§ **Exercise brief**: Copying starts at the line containing "Здається в оренду" and stops after the last line of the records; each line is repeated exactly, and pictures are skipped.
[[ Task material, beginning ]]
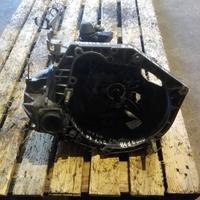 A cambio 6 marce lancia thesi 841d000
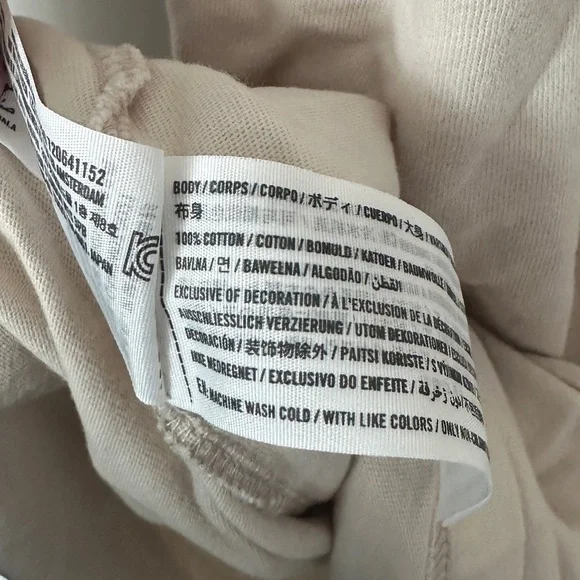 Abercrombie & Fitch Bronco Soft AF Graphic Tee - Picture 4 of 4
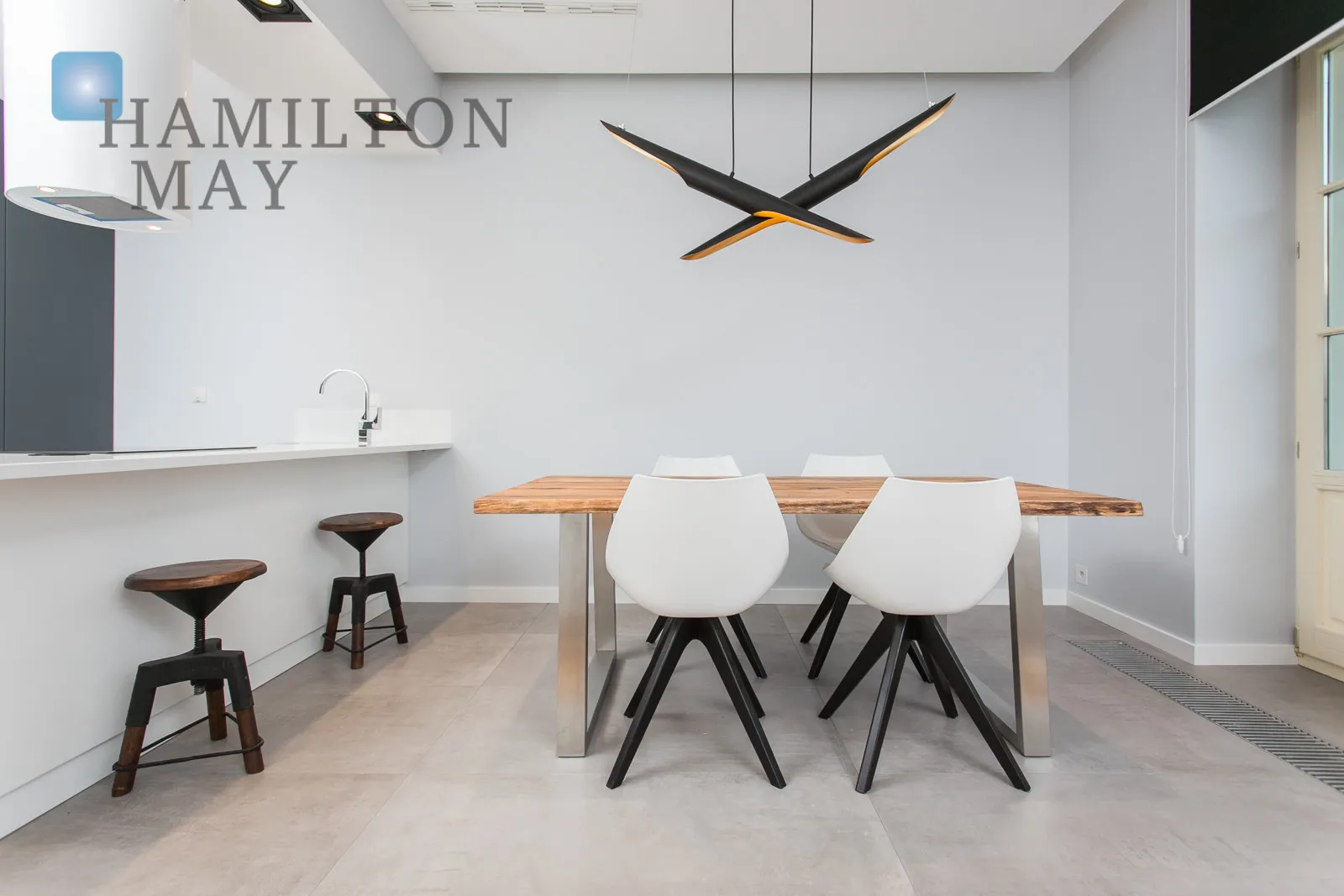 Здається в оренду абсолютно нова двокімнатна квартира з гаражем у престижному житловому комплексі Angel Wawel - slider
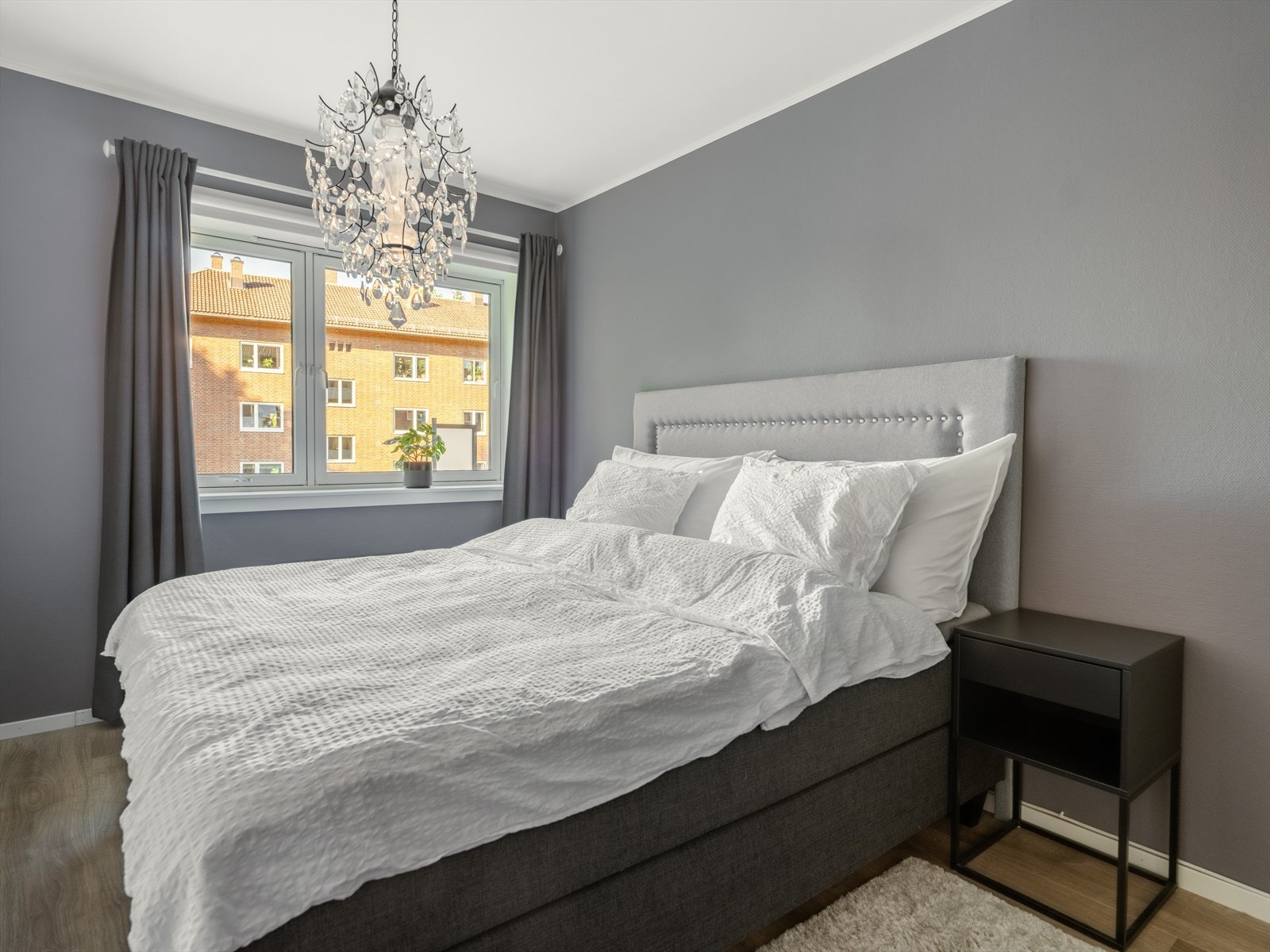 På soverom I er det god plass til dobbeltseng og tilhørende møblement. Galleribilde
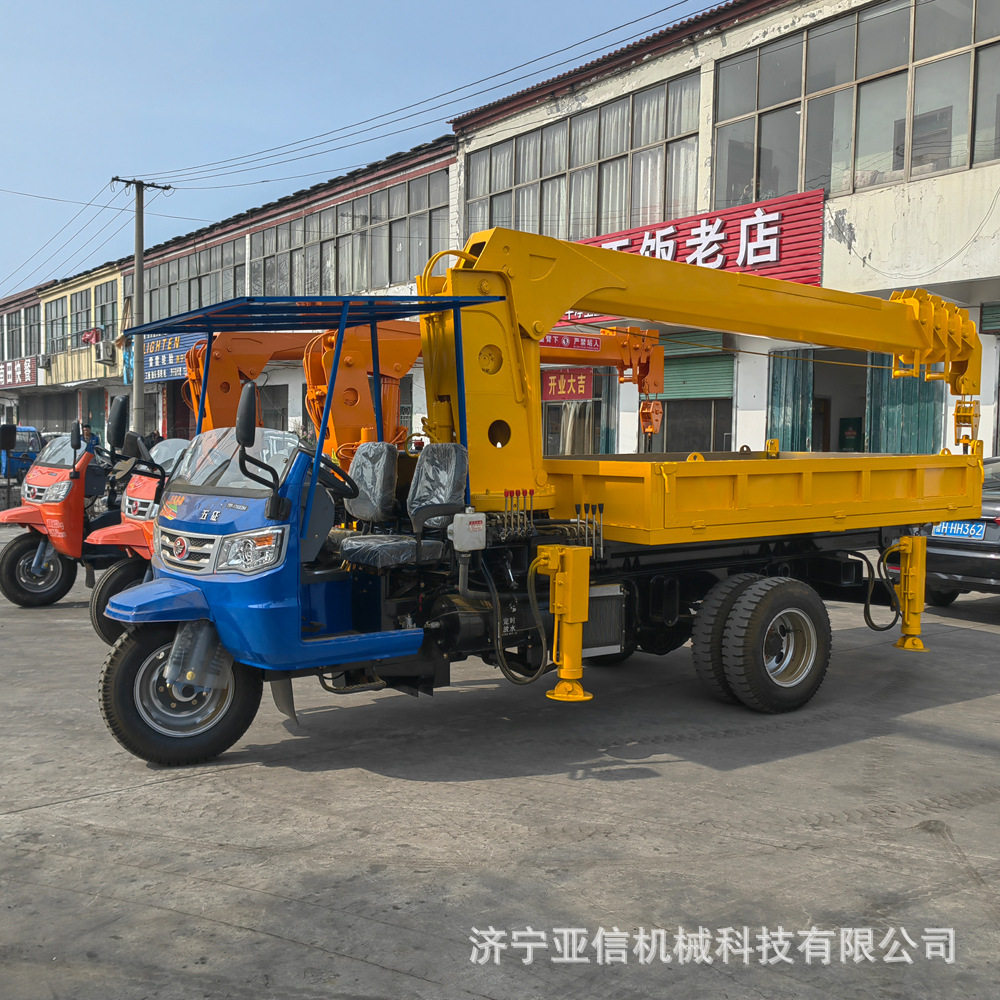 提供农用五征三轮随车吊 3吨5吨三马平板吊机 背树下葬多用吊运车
[[ Task material, end ]]
§ **Solution for this exercise**:
 Здається в оренду абсолютно нова двокімнатна квартира з гаражем у престижному житловому комплексі Angel Wawel - slider
 På soverom I er det god plass til dobbeltseng og tilhørende møblement. Galleribilde
 提供农用五征三轮随车吊 3吨5吨三马平板吊机 背树下葬多用吊运车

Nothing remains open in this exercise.